Now, as the campaign has concluded, former Vice President Joe Biden has repeatedly promised to be a uniting figure in the country. “Make no mistake—united we can and will overcome this season of darkness in America,” he declared in August, a theme he’s struck in the debates and in his “closing argument” in recent weeks. But who is he speaking to, exactly? I don’t think I want to be united with Trump’s America. Who is expected to put aside differences, to pretend the past four years were simply a “season of darkness” while millions of Americans cackled at our misfortunes behind the president on television?

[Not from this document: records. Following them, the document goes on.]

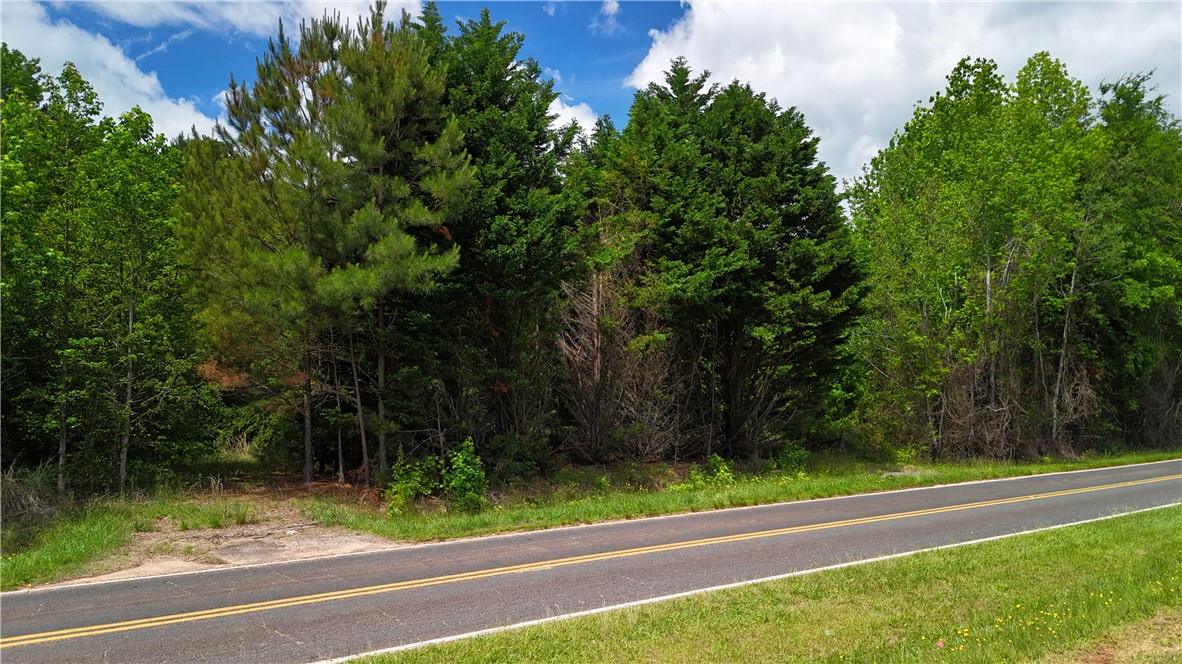 211 N Major Road, Belton, South Carolina image 9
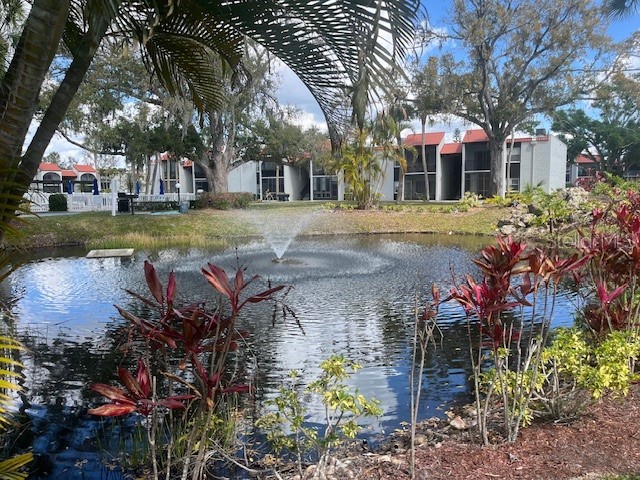 3249 Beneva Road #103 Sarasota FL 34232 TB8480817 image28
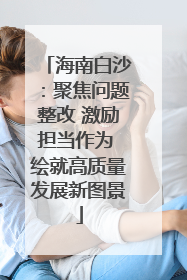 海南白沙：聚焦问题整改 激励担当作为 绘就高质量发展新图景
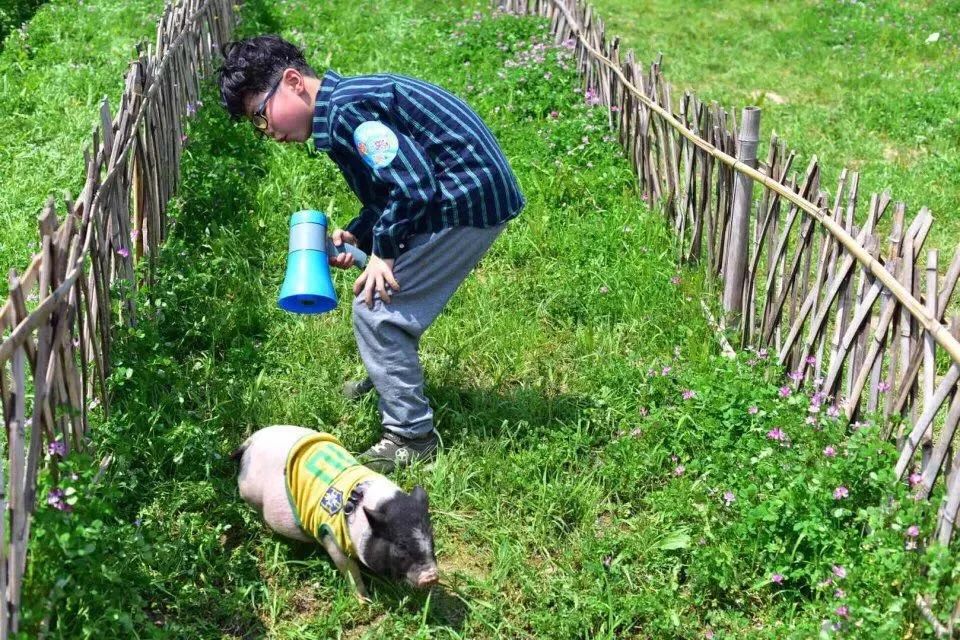 一起来做一个快乐赶猪人吧风靡全国的赶猪游戏来啦体验真人版愤怒的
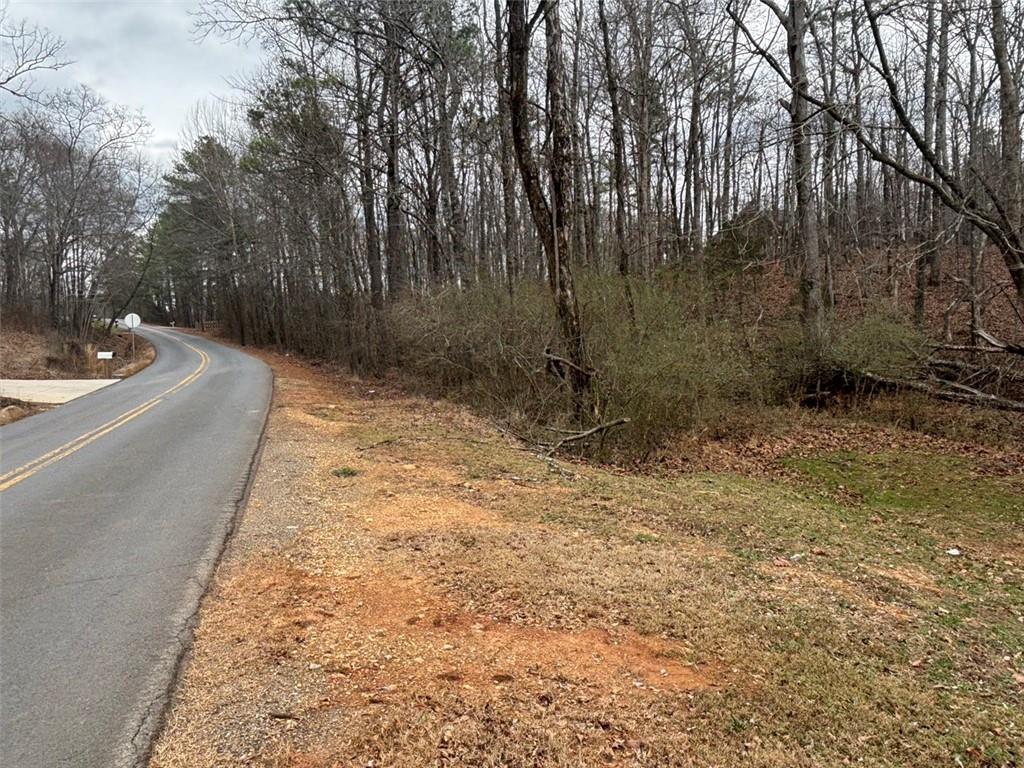 850 Bethel Church Road Southeast Silver Creek, GA 30173 - Photo 80 of 106 a view of a backyard with trees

It certainly doesn’t seem like Biden is talking to Trump’s supporters. Are they ready to be “united” with us, should their candidate lose? Never mind the fact a sizeable portion of them are committed to contesting the results even if that happens. For the last four years, many have developed a taste for punishing people, reclaiming an imaginary lost mantle atop American society. They have shown little sign of repentance. Trump’s shamelessness has removed any veneer of shared interests between the two dominating parties in America, between people who have accepted his vision for America, such as it is, and those who have rejected it. It’s not just the Trump base Biden needs to win over, but its victims.

How much longer will we Black and brown people be expected to be the ones to accept the past and move on? This administration’s policies were designed to exclude and even kill us—let’s not forget who this pandemic has affected most—and Republicans voters have punished us by voting for the candidate that promised to make life worse for us. He succeeded. Now what?

I want to focus on constructing a better future. That is, after all, what elections are meant to do. It’s what I’ve looked forward to for four years. But how can we do that without answering for the past four years and its horrors? The fact that the Republican Party has not yet wavered in its support—how can we work together to bring our country back? As Biden leans into former Obama-era language of hope and reconciliation, I can’t help but to think back to Michelle Obama’s famous admonishment that “When they go low, we go high.” That once meant something to me. It doesn’t anymore.